By using boolean strings in these ways, recruiters can save time sifting through hundreds or thousands of applications and resumes, and focus more on interacting with suitable candidates directly instead.

Examples Of Common Boolean Strings

Here are some examples of commonly used boolean strings that recruiters can employ when searching for talent:

  • Find new graduates: "graduate OR recently graduated"

  • Identify applicants from certain countries: "location A AND NOT location B"

  • Unearth qualified professionals with particular experience levels: "skill X AND (3+yrs OR 4+yrs)"

  • Track down people who have worked at certain companies before: "(employer1 OR employer2) NOT current employer"

Using the right combination of words and modifiers is key when crafting an effective boolean string — so play around with different parameters until you find one that works best for your purposes!
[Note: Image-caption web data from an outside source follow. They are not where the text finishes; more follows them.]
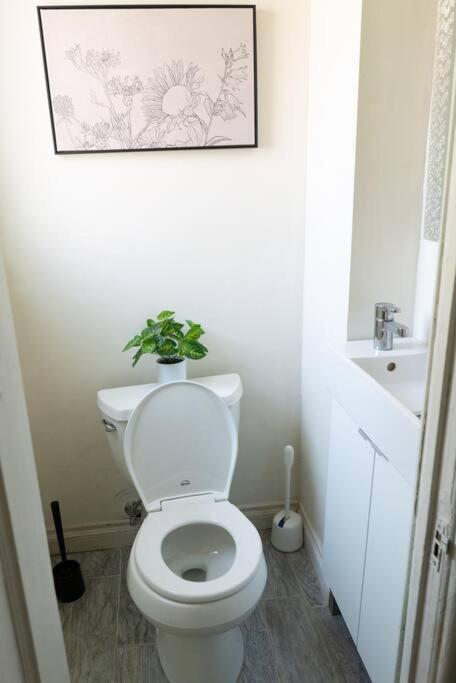 Spacious 2-Bedroom Unit In Hollywood Los Angeles Buitenkant foto
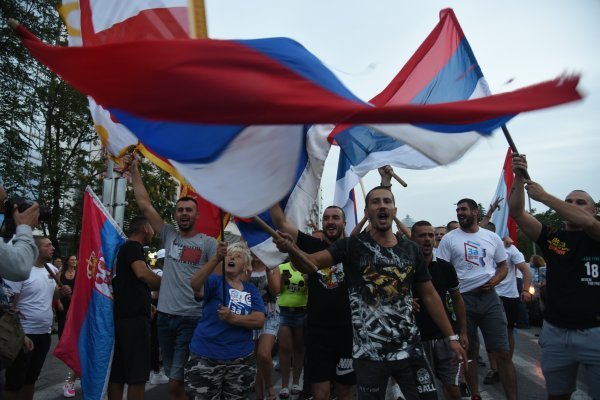Slavlje nakon uspjeha prosrpske koalicije na izborima u Crnoj Gori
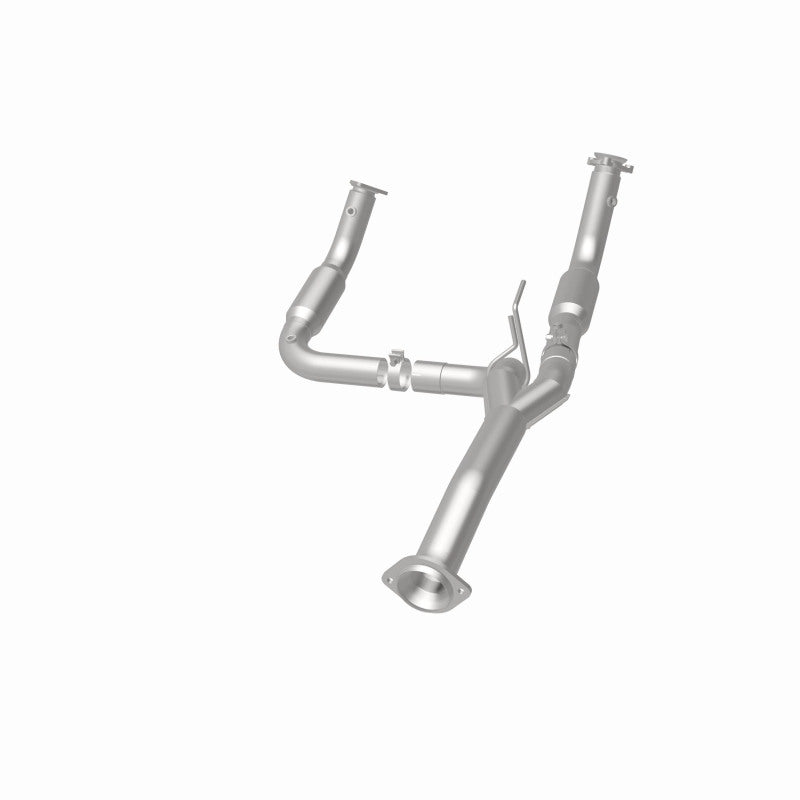 Magnaflow 11-15 Chevrolet Silverado 2500 HD Direct Fit Converter - Easy Install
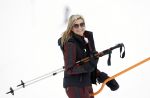 Lech 25 februari 2020
Fotouurtje Koninklijke familie. Aanwezig Koning Willem Alexander Koningin Maxima Prinses Amalia Alexia Ariane Prinses Beatrix Prins Constantijn Prinses laurentien Gravin Eloise Graaf Claus Casimir en Gravin Leonore .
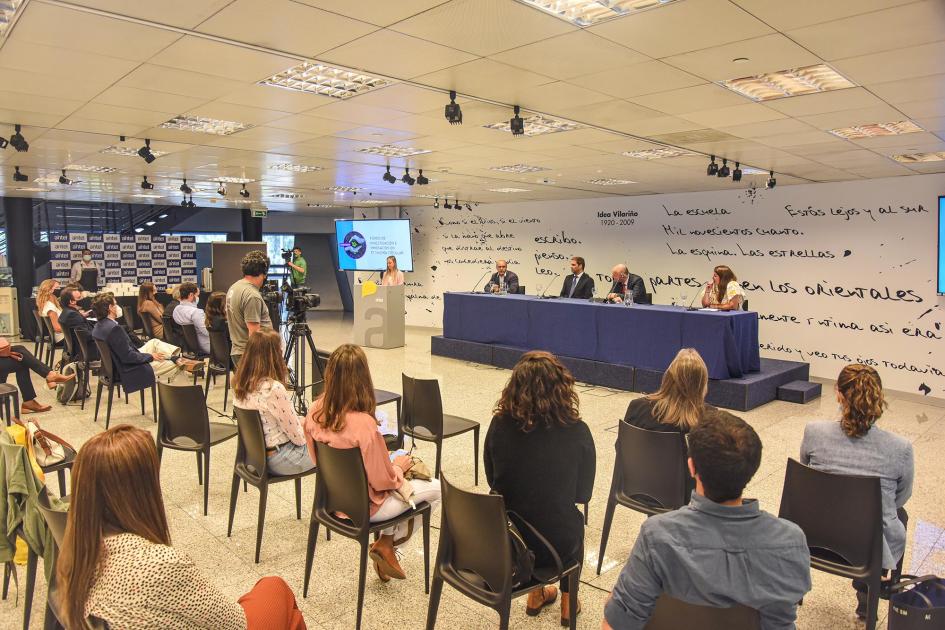 La actividad se desarrolló en la sala Idea Vilariño de la Torre de las Telecomunicaciones Público; al fondo se ve la mesa de autoridades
Alternative Techniques for Searching and Sorting

Though Boolean strings are a powerful way to search for talent quickly, there are other techniques recruiters can use in addition to refining their results. Here are some of the most common methods used:

Natural Language Queries

Natural language queries allow recruiters to search for desired criteria by entering phrases as close to natural language sentences as possible. For example, instead of typing "JavaScript AND ReactJS" -- which would be a boolean string query --, you could just type "candidates with experience in JavaScript and React". This works because the search engine will recognize synonyms and closely related terms.


Wildcards allow recruiters to substitute one or more characters when searching for keywords. This can be useful when you want to broaden or narrow your results without having to list all the possible variations of a word (e.g., “color” vs “color”). The asterisk (*) is usually used as a wildcard, so if you wanted to find documents that contain either color or color, you could enter: “colo*r”.

Fuzzy Searching

Fuzzy searching (or approximate string matching) is another technique that can help recruiters find what they're after faster. It allows partial words or phrases to be matched against larger strings of text in order to get better results. For instance, if you wanted to find resumes that contain the word “programming” but also account for typos like “progromming”, you could use fuzzy searching via parameters such as Levenshtein Distance or Hamming Distance in order to achieve this.


Recruiters who utilize powerful tools like boolean strings for better targeting can often find great talent without having to spend hours combing through resumes and applications manually. With a few simple tips — as well as some useful examples — you should be able to refine your recruiting process considerably by employing this strategy.